Kurdish parties advocate for continued UNAMI presence in Iraq

Kurdish parties advocate for continued UNAMI presence in Iraq

Shafaq News / On Monday, a meeting of major Kurdish parties in Iraqi Kurdistan affirmed the importance of the presence of the United Nations Assistance Mission for Iraq (UNAMI) in the country.

Independent Kurdish politician Serdar Abdullah stated, "A special meeting was convened today in al-Sulaymaniya with representatives from the Kurdistan Democratic Party (KDP), the Patriotic Union of Kurdistan (PUK), the Change (Gorran) Movement, the Kurdistan Islamic Justice Group, and the Kurdistan Islamic Union to deliberate on the continuation of UNAMI's presence."

Abdullah emphasized that "all Kurdish parties present at the meeting affirmed the necessity of UNAMI's presence in Iraq due to its significant role in supporting the Iraqi government and its positive impact on the country."

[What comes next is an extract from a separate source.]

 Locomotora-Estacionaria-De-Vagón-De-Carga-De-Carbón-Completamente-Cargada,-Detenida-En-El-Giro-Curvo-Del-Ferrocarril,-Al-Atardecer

He further noted that "the parties agreed to send two letters: one to the UN Security Council and the other to Iraqi Prime Minister Mohammed Shia Al-Sudani. They stressed the importance of UNAMI's continued presence and plan to dispatch these letters before the Security Council's meeting next Thursday to discuss the Mission's withdrawal from Iraq."

Abdullah added, "At the end of May each year, Iraq submits a memorandum to the UN Security Council outlining its position on whether to retain the Mission. A specialized committee from the Security Council visited Iraq a month ago, holding over 250 meetings with various Iraqi stakeholders and drafting a report. All Kurdish parties concurred on the necessity of UNAMI's continued presence for the upcoming phase."

Notably, Prime Minister Al-Sudani had officially requested on May 21, in a letter to UN Secretary-General António Guterres, that the UNAMI mandate be terminated by December 31, 2025. 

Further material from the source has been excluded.